Un point de précision. Vous disiez à un moment que vous travailliez sur les autres moments de la journée que la night session. Est-ce que vous pouvez un peu détailler ? Est-ce que c'est les premiers matchs de 11 heures ?
Oui, par rapport au remplissage sur lequel on continue de réfléchir et travailler. Ce n’est pas simple. Le mode de consommation des gens a quand même évolué sur des dernières années. On voit bien qu'ils ne restent pas 6, 7, 8 heures : ils choisissent. Dans le stade il y a beaucoup de choses aussi. Ils ont d'autres choses à voir, à faire et à expérimenter, d'une certaine façon.

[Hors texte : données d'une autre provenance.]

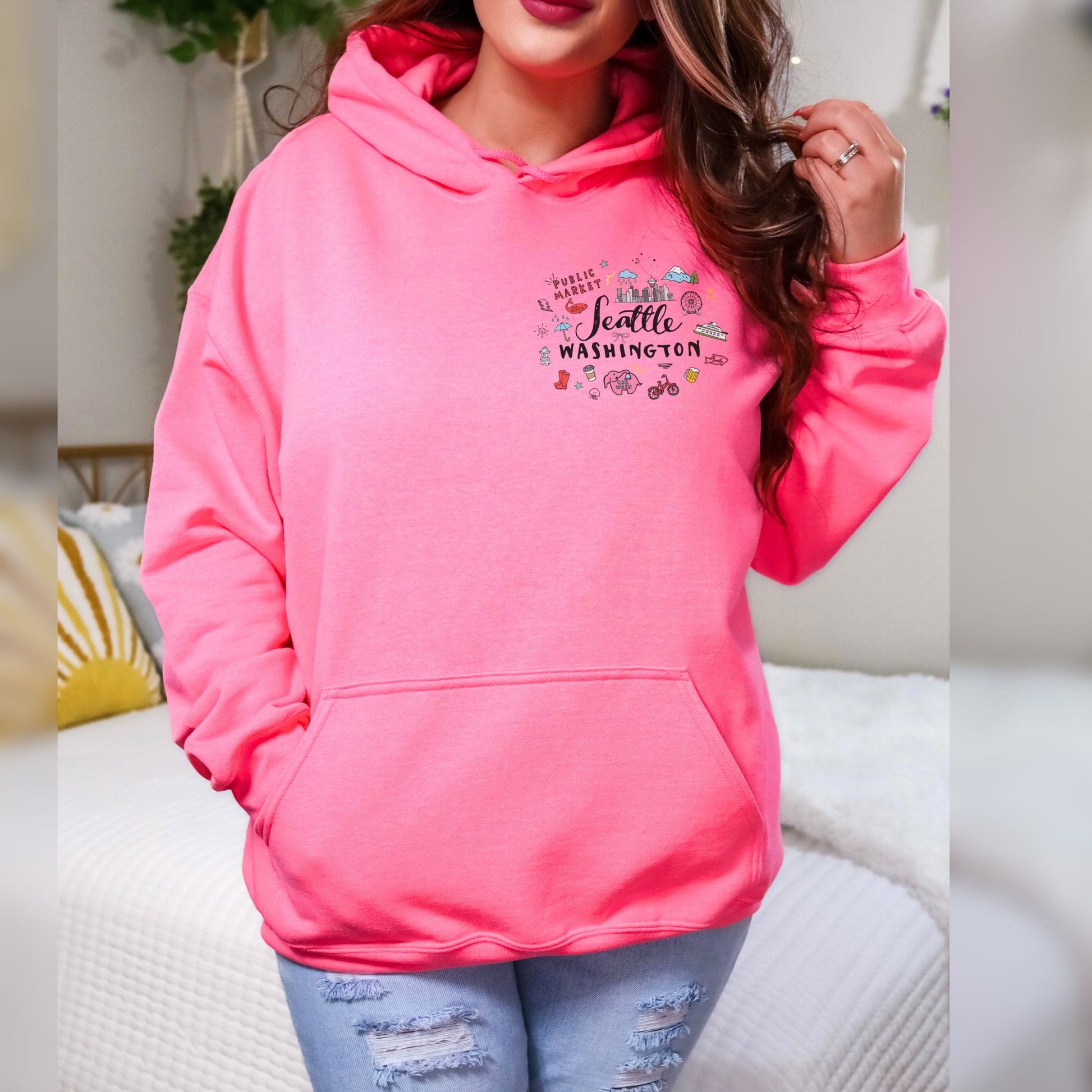 A woman wearing a bright pink pullover hoodie with a 'Seattle Washington' graphic on the chest, paired with distressed light blue jeans, standing in a brightly lit indoor setting.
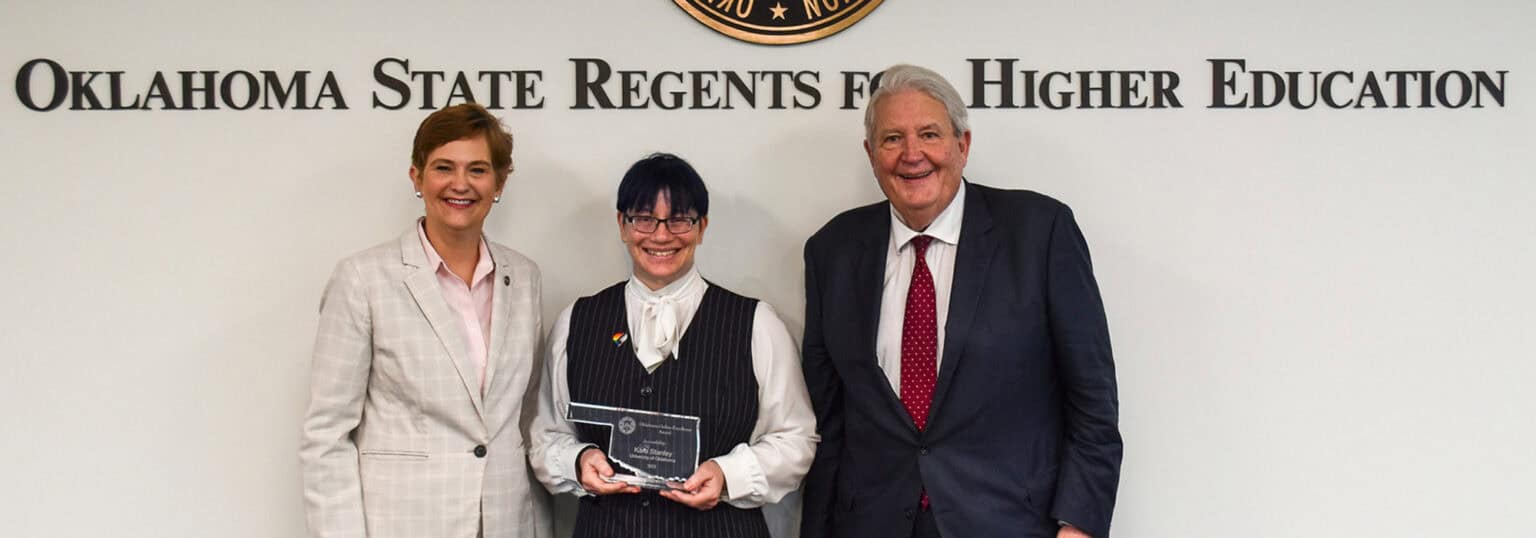 Kara Stanley with award and representatives of the State Regents.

C'est un peu le pendant de ce qu'on propose en dehors. C’est essayer de trouver l'équilibre.
Amélie, une question un peu semblable. Vous avez passé tout le tournoi. Vous avez regardé ce qui se passait. Il y a eu des moments remarquables, en plus ou en moins, si on peut dire. Si vous deviez noter un point fort qui vous a vraiment marquée au cours de ces deux semaines, je sais que vous aviez dit qu'il y aurait un débrief peu de temps après, est-ce qu’il y a quelque chose que vous avez à l'esprit, tout de suite là que vous aimeriez changer ?
Pour la première question, c'est difficile à dire, parce que beaucoup de choses se sont passées pendant les trois dernières semaines. Si on veut s'écarter du sport, c'est un peu du sport aussi, mais c'est un moment plus historique, je dirais que c'est Rafa sur le court Chatrier, le court central, qui absorbait tout cet amour, qui recevait tout cet amour de la foule, de l'organisation et des autres grands joueurs de son époque et son côté touchant à ce moment-là, je crois que ce sont des images, le stade, les couleurs, l'harmonie dans tout cela, c'est probablement ce qui ressort et qui me paraît important. Quant aux choses à traiter, nous avons déjà parlé du remplissage, et nous allons retravailler le remplissage, la programmation, les horaires, et ces sujets, qui sont toujours difficiles, toujours un problème, dépendent de beaucoup d'éléments.